• What you have to do:
Print all records exactly, leaving nothing out.

• Dataset extract:
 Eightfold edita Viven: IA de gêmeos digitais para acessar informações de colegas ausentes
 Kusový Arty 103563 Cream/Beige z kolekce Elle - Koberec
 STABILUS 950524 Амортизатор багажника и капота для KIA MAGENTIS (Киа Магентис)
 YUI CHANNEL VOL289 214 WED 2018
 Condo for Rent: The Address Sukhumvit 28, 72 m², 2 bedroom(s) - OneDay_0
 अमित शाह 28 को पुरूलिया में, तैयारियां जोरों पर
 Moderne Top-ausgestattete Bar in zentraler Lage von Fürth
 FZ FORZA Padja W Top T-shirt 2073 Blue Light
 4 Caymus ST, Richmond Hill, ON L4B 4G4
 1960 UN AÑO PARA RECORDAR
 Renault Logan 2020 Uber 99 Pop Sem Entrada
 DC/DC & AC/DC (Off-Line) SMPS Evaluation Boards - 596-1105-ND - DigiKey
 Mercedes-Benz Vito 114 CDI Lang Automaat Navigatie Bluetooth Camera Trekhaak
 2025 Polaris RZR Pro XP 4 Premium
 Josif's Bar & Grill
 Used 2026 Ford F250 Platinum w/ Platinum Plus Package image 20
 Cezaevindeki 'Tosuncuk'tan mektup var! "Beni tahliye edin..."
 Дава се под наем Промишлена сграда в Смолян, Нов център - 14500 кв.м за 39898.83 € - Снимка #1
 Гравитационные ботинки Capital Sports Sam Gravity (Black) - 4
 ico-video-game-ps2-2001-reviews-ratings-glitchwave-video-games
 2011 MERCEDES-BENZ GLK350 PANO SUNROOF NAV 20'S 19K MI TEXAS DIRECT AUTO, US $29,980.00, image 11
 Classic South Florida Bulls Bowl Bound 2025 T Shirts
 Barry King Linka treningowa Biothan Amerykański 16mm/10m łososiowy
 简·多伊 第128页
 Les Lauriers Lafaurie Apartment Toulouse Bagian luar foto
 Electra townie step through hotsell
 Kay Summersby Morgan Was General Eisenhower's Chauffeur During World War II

• Response below:
 Eightfold edita Viven: IA de gêmeos digitais para acessar informações de colegas ausentes
 Kusový Arty 103563 Cream/Beige z kolekce Elle - Koberec
 STABILUS 950524 Амортизатор багажника и капота для KIA MAGENTIS (Киа Магентис)
 YUI CHANNEL VOL289 214 WED 2018
 Condo for Rent: The Address Sukhumvit 28, 72 m², 2 bedroom(s) - OneDay_0
 अमित शाह 28 को पुरूलिया में, तैयारियां जोरों पर
 Moderne Top-ausgestattete Bar in zentraler Lage von Fürth
 FZ FORZA Padja W Top T-shirt 2073 Blue Light
 4 Caymus ST, Richmond Hill, ON L4B 4G4
 1960 UN AÑO PARA RECORDAR
 Renault Logan 2020 Uber 99 Pop Sem Entrada
 DC/DC & AC/DC (Off-Line) SMPS Evaluation Boards - 596-1105-ND - DigiKey
 Mercedes-Benz Vito 114 CDI Lang Automaat Navigatie Bluetooth Camera Trekhaak
 2025 Polaris RZR Pro XP 4 Premium
 Josif's Bar & Grill
 Used 2026 Ford F250 Platinum w/ Platinum Plus Package image 20
 Cezaevindeki 'Tosuncuk'tan mektup var! "Beni tahliye edin..."
 Дава се под наем Промишлена сграда в Смолян, Нов център - 14500 кв.м за 39898.83 € - Снимка #1
 Гравитационные ботинки Capital Sports Sam Gravity (Black) - 4
 ico-video-game-ps2-2001-reviews-ratings-glitchwave-video-games
 2011 MERCEDES-BENZ GLK350 PANO SUNROOF NAV 20'S 19K MI TEXAS DIRECT AUTO, US $29,980.00, image 11
 Classic South Florida Bulls Bowl Bound 2025 T Shirts
 Barry King Linka treningowa Biothan Amerykański 16mm/10m łososiowy
 简·多伊 第128页
 Les Lauriers Lafaurie Apartment Toulouse Bagian luar foto
 Electra townie step through hotsell
 Kay Summersby Morgan Was General Eisenhower's Chauffeur During World War II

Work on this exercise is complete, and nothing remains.